### [TASK ITEM]
With all images left out, restate the records below exactly as written.

:: SUPPLIED DATA

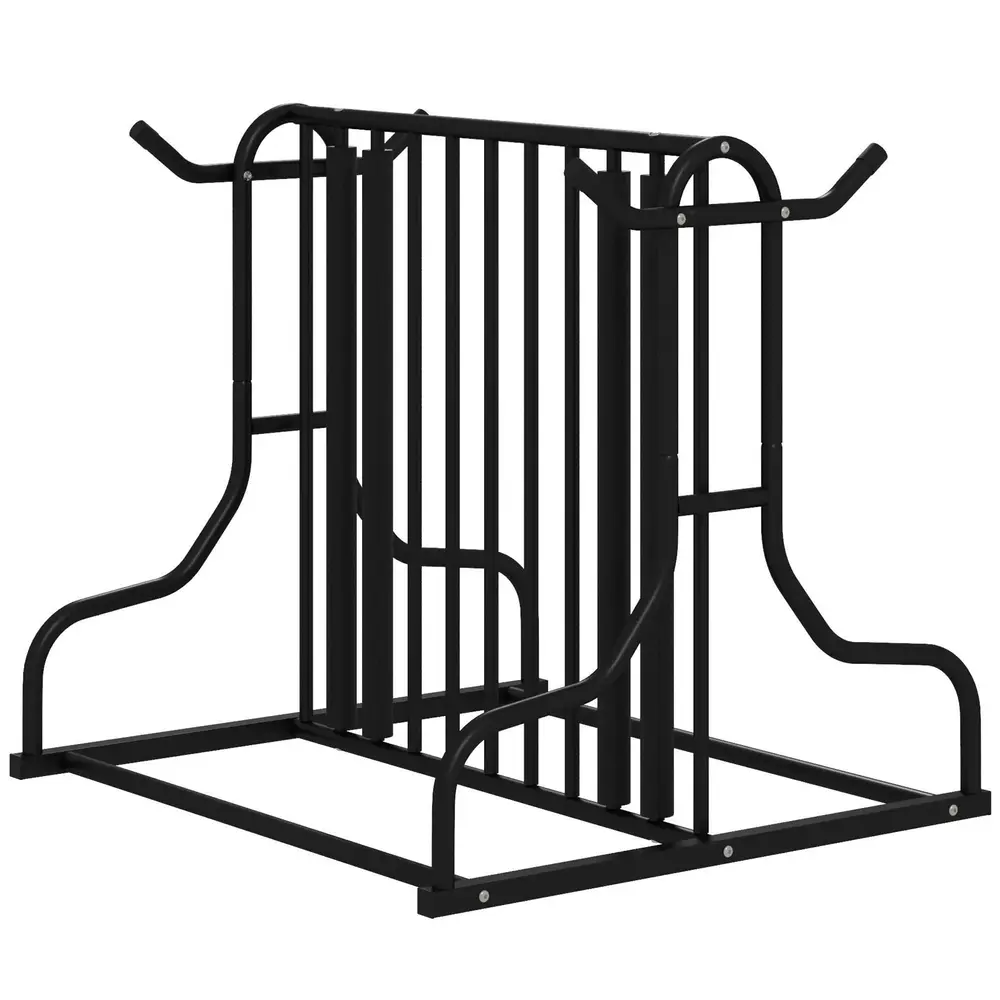 Cykelställ Multipelställ Svart av Stål 90 x 80 x 80 Cm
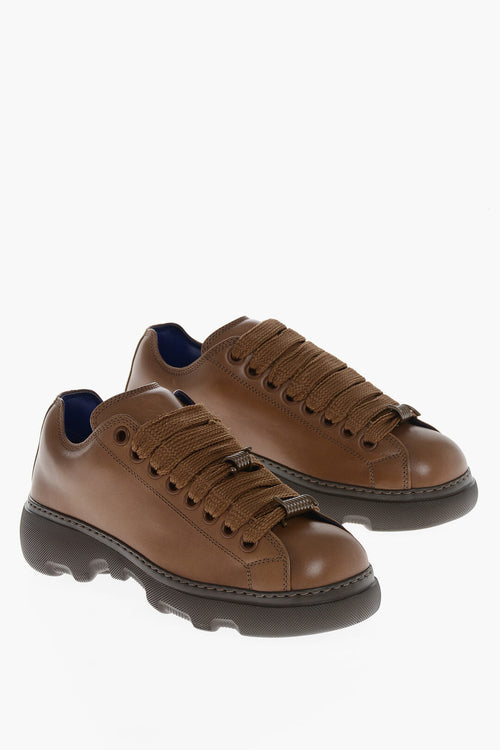 Burberry Leather Ranger Sneakers with Laces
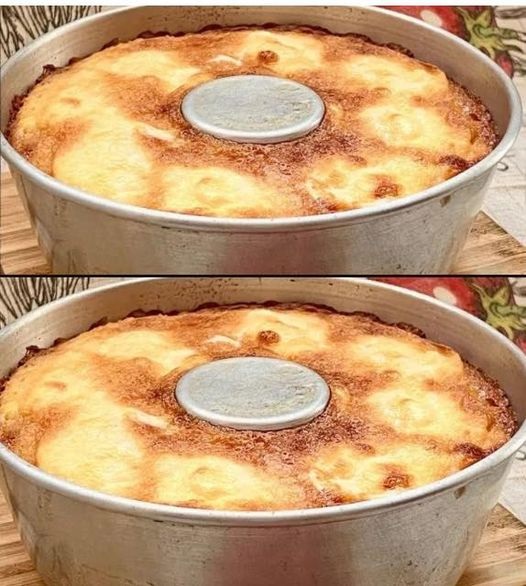 Bolo chama visita simples e delicioso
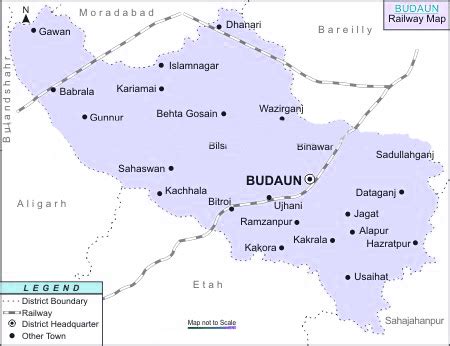 Rail-Map-india: Badaun-railway-map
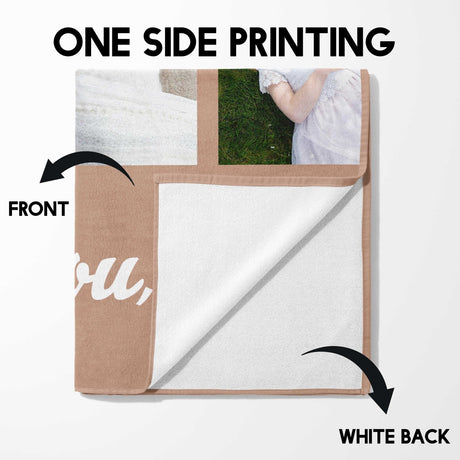 Custom Made Upload Your Own Photos Mother's Day Absorbent Beach Bath Sheet Towel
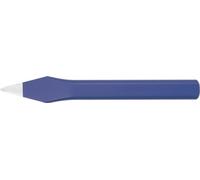 Burin cruciforme longueur totale 250 mm 23 x 13 mm ovale plat Acier au chrome-vanadium durci à l'air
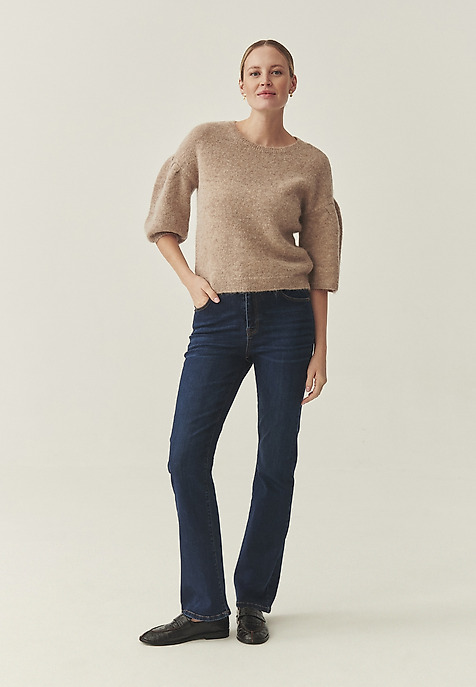 DENIMOWE SPODNIE FLARE - RIFONO DENIMOWE SPODNIE FLARE - RIFONO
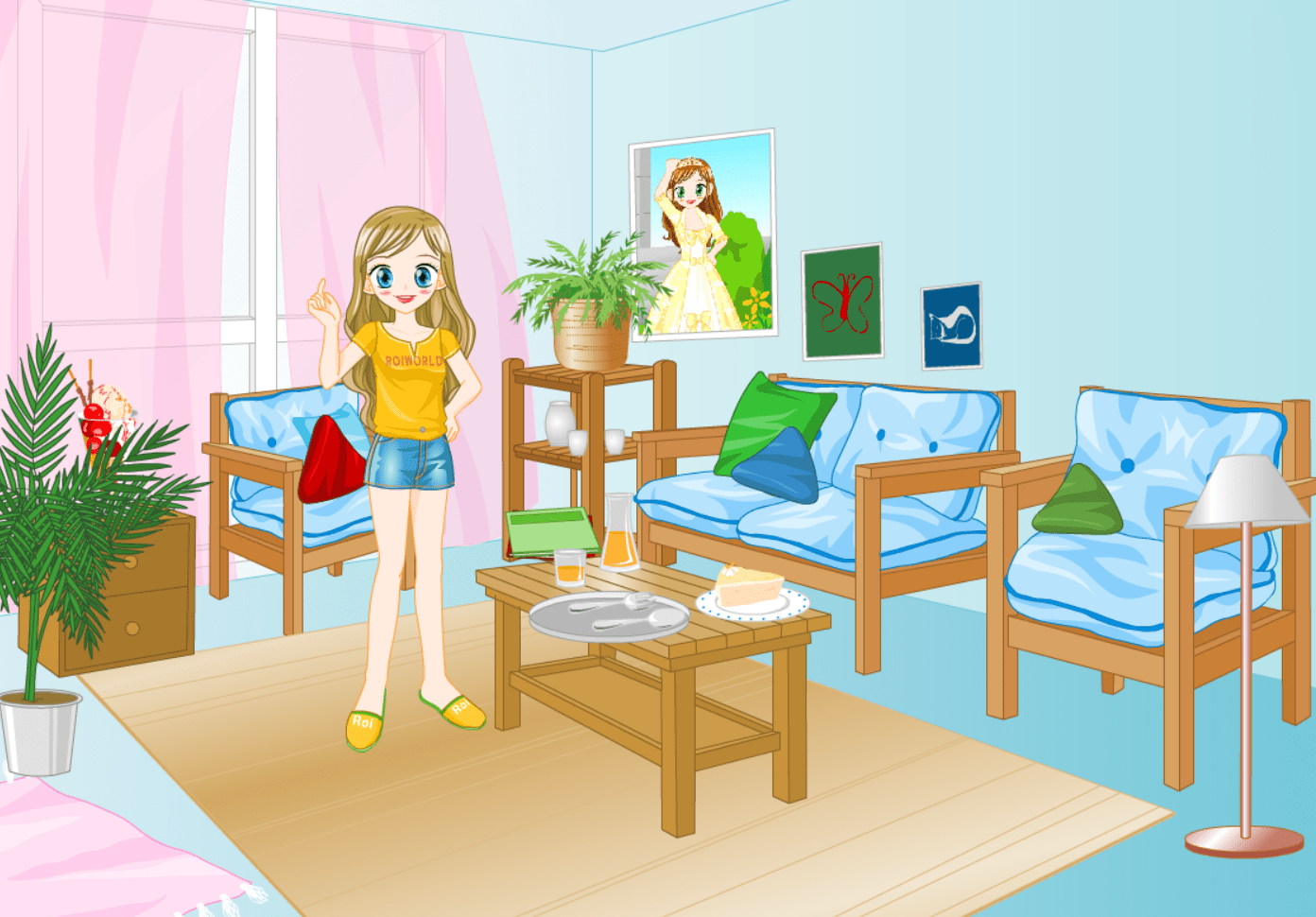 Blue Apartment Décor screenshot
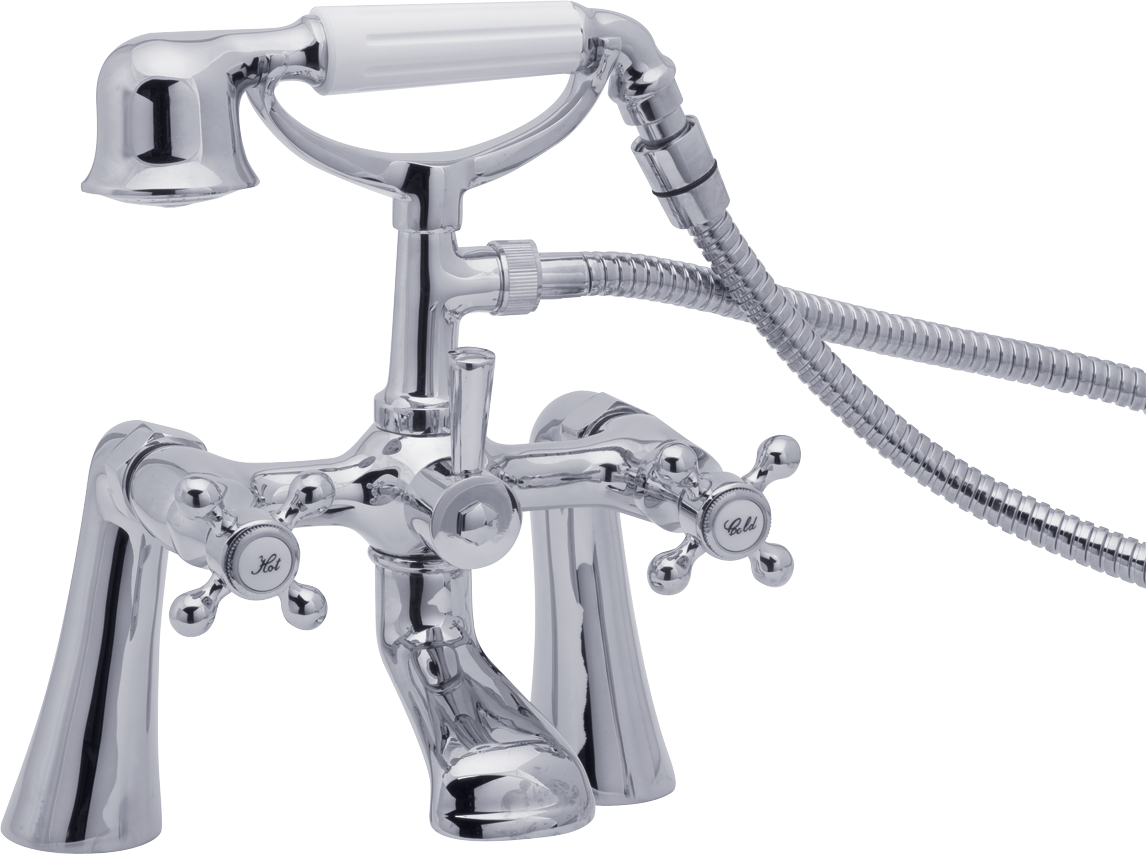 Deva Tud03/501 Tudor Gold Bath Shower Mixer (1146x854), Png Download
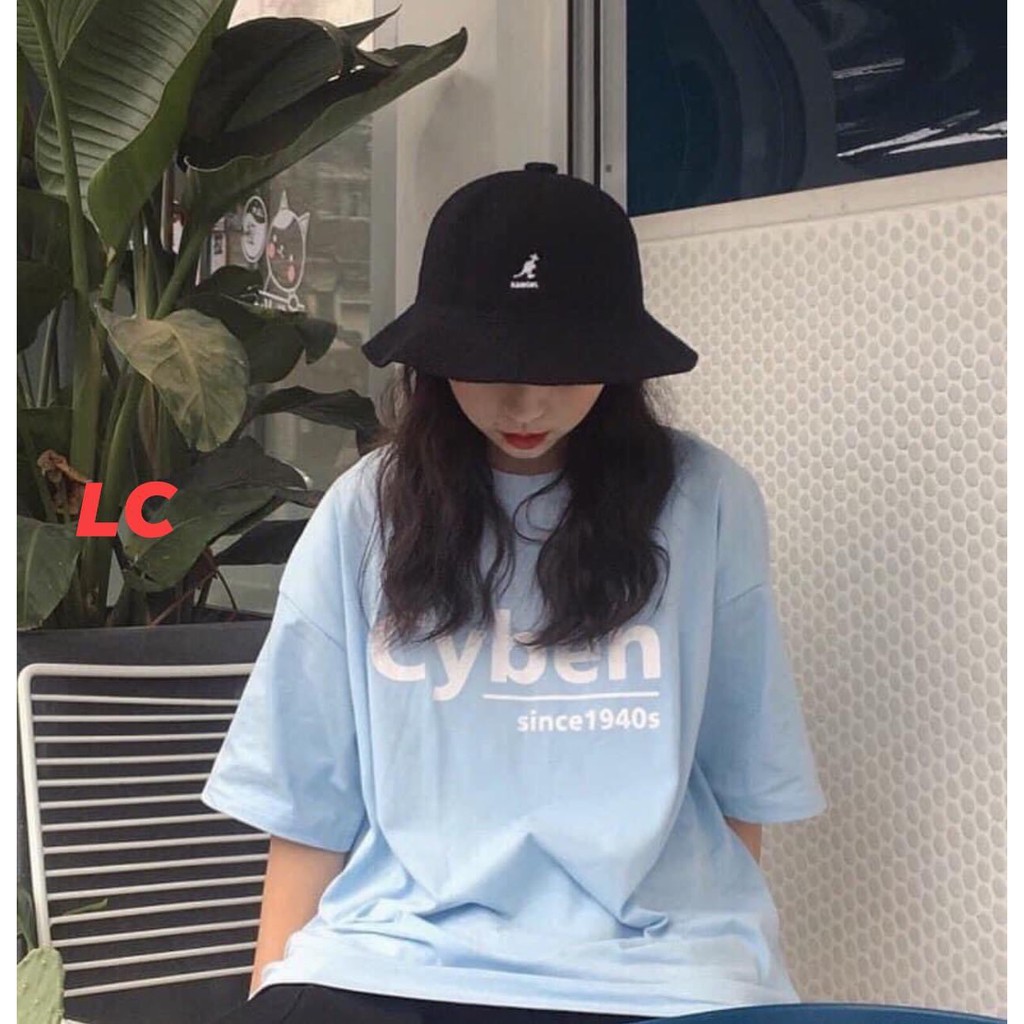 Áo thun nam nữ Cyben màu xanh dáng unisex form rộng oversize basic tee phông dáng suông Ulzzang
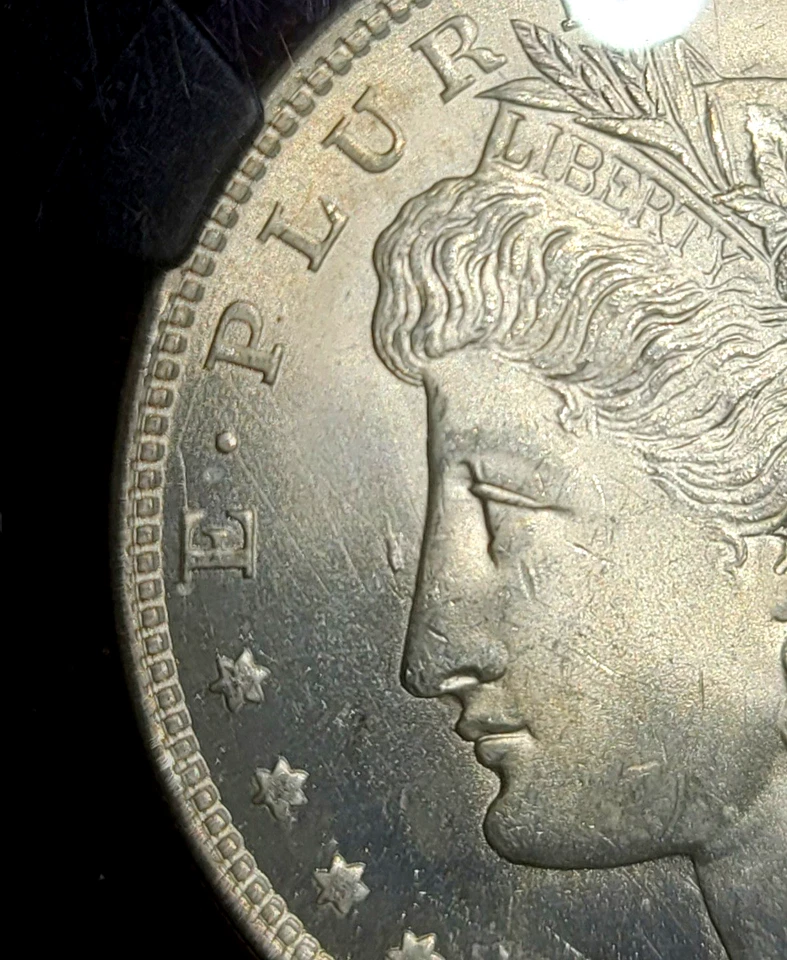 1921-P VAM-3o3 (3-oh-3) Die Polish and "Goldfish" Clash WOW VAM!! NGCX 9.5 GRADE - Image 2 of 4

::::

### [EXERCISE RESULT]
 Cykelställ Multipelställ Svart av Stål 90 x 80 x 80 Cm
 Burberry Leather Ranger Sneakers with Laces
 Bolo chama visita simples e delicioso
 Rail-Map-india: Badaun-railway-map
 Custom Made Upload Your Own Photos Mother's Day Absorbent Beach Bath Sheet Towel
 Burin cruciforme longueur totale 250 mm 23 x 13 mm ovale plat Acier au chrome-vanadium durci à l'air
 DENIMOWE SPODNIE FLARE - RIFONO DENIMOWE SPODNIE FLARE - RIFONO
 Blue Apartment Décor screenshot
 Deva Tud03/501 Tudor Gold Bath Shower Mixer (1146x854), Png Download
 Áo thun nam nữ Cyben màu xanh dáng unisex form rộng oversize basic tee phông dáng suông Ulzzang
 1921-P VAM-3o3 (3-oh-3) Die Polish and "Goldfish" Clash WOW VAM!! NGCX 9.5 GRADE - Image 2 of 4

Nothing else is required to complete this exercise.